▶ **Work instructions**
Starting at the line with "Ford Transit Custom" and stopping at the final line, retype the data below exactly; do not carry over any pictures.

▶ **Records contained in a dataset**
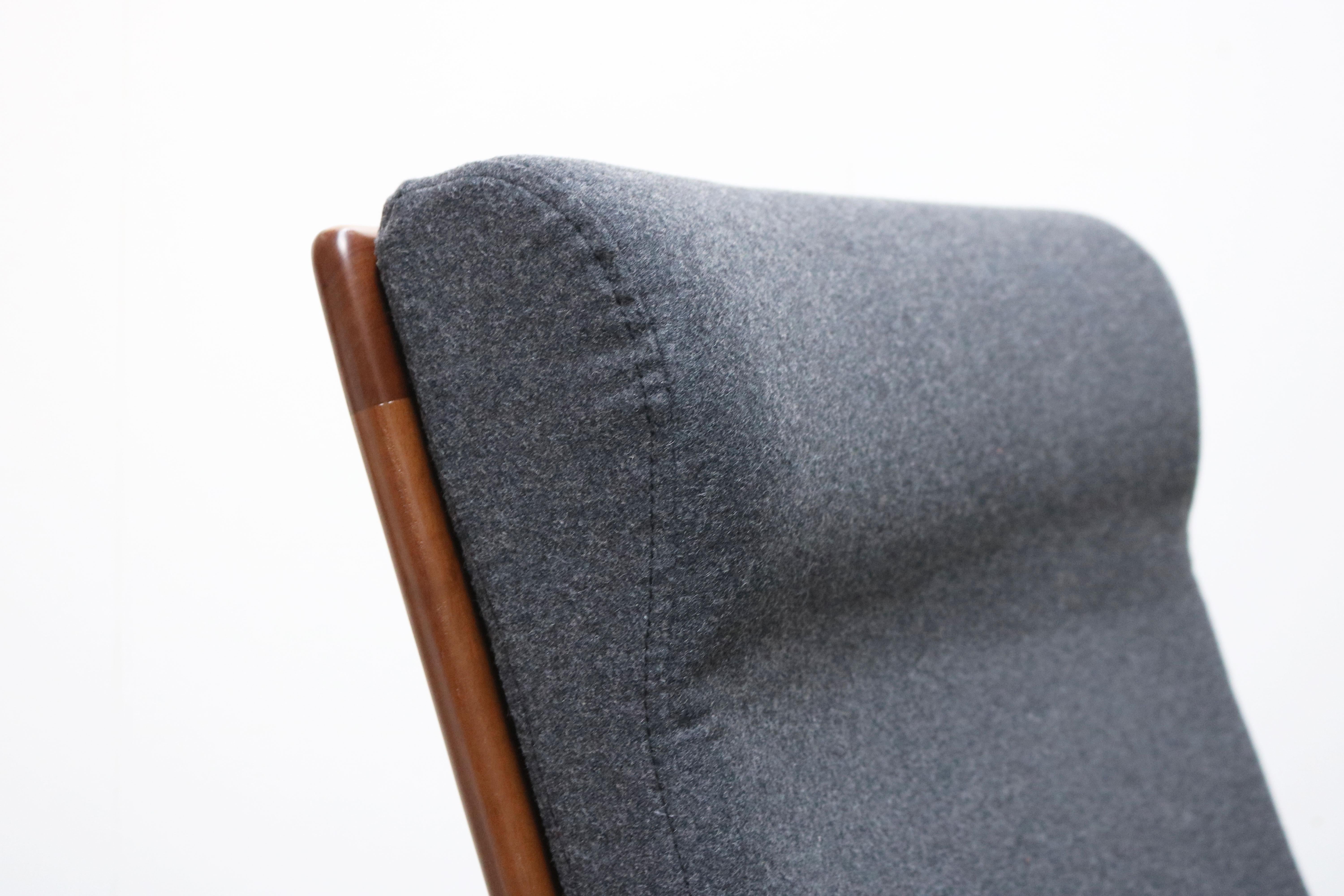 Dutch 1 of 2 Danish Design Style 1950 New Modern Rocking Chair Walnut Grey Cashmere 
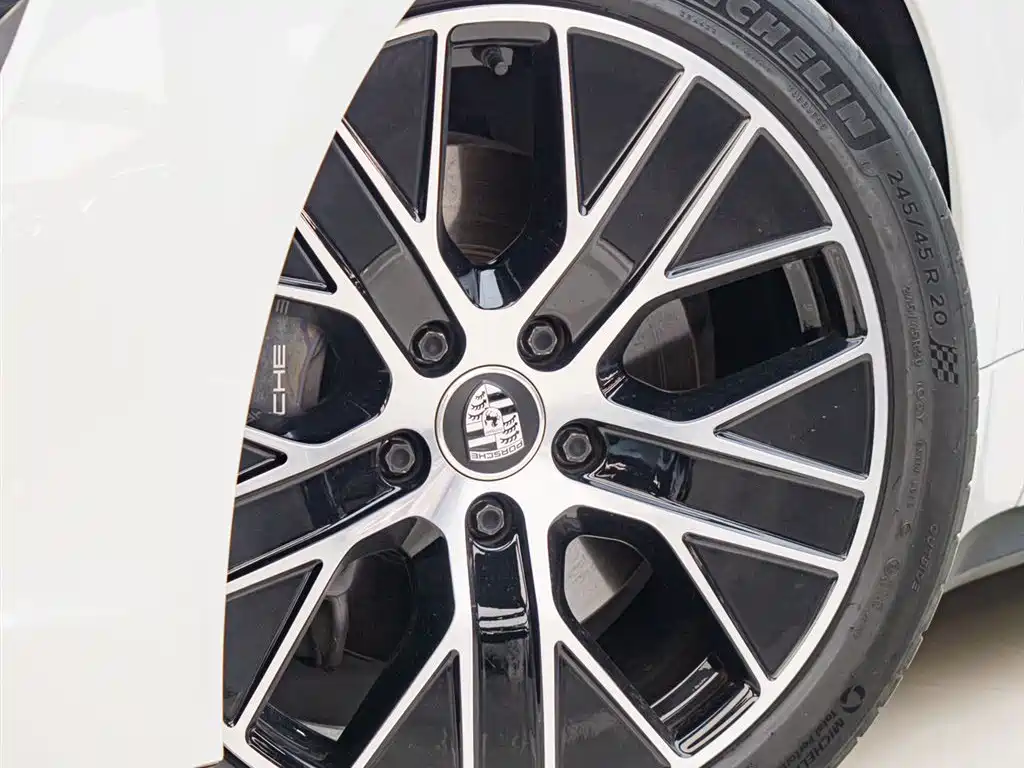 Taycan 2022 facelift Taycan купить на сайте DeffCars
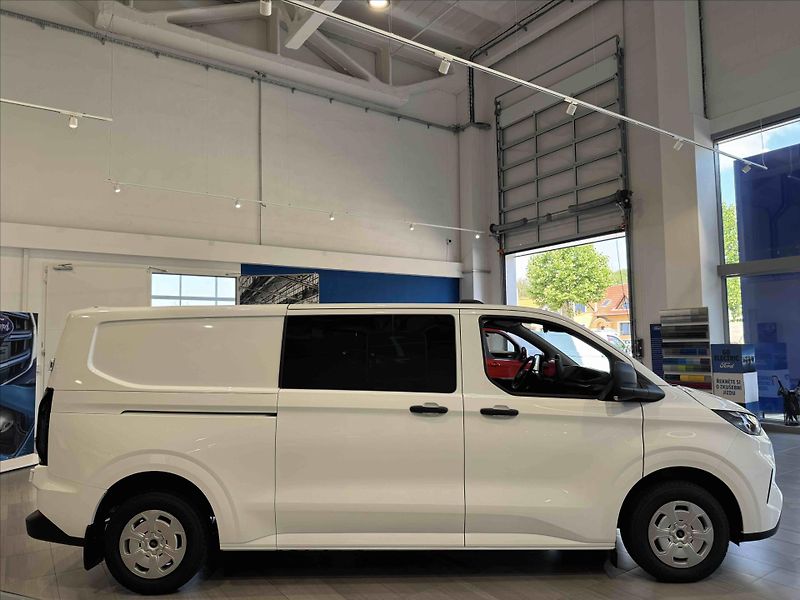 Ford Transit Custom (2026) 2,0 Kombi Van Trend 320 L2  Ec - fotka 7 z 16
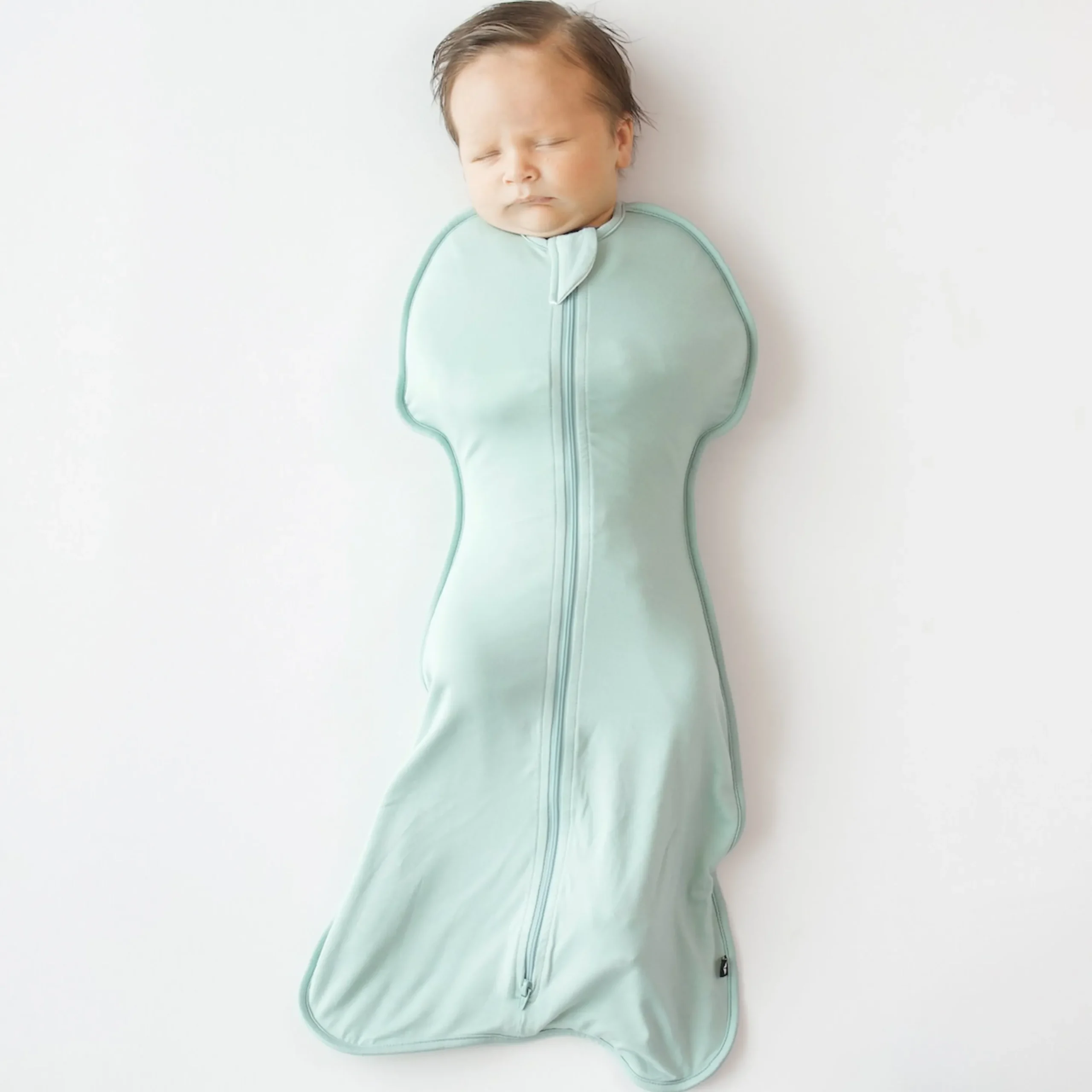 Swaddle Bag in Sage 0.5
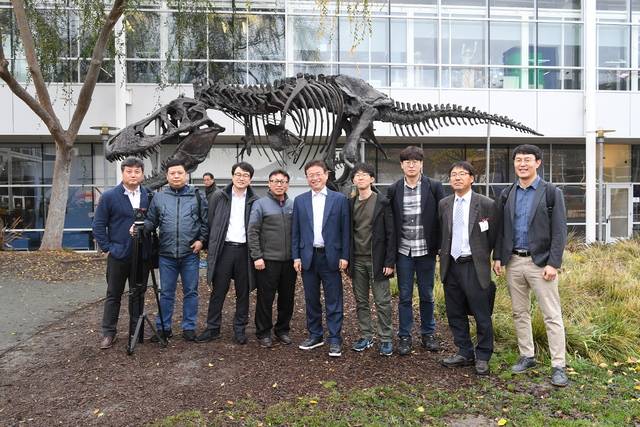 2019년 1월 미국 캘리포니아주 마운틴뷰 구글 본사를 찾은 이철우(가운데) 경북도지사가 수행원들과 정원에 설치된 공룡 화석 조형물 앞에서 함께 한 모습. 경북도 제공.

▶ **Output below**
 Ford Transit Custom (2026) 2,0 Kombi Van Trend 320 L2  Ec - fotka 7 z 16
 Swaddle Bag in Sage 0.5
 2019년 1월 미국 캘리포니아주 마운틴뷰 구글 본사를 찾은 이철우(가운데) 경북도지사가 수행원들과 정원에 설치된 공룡 화석 조형물 앞에서 함께 한 모습. 경북도 제공.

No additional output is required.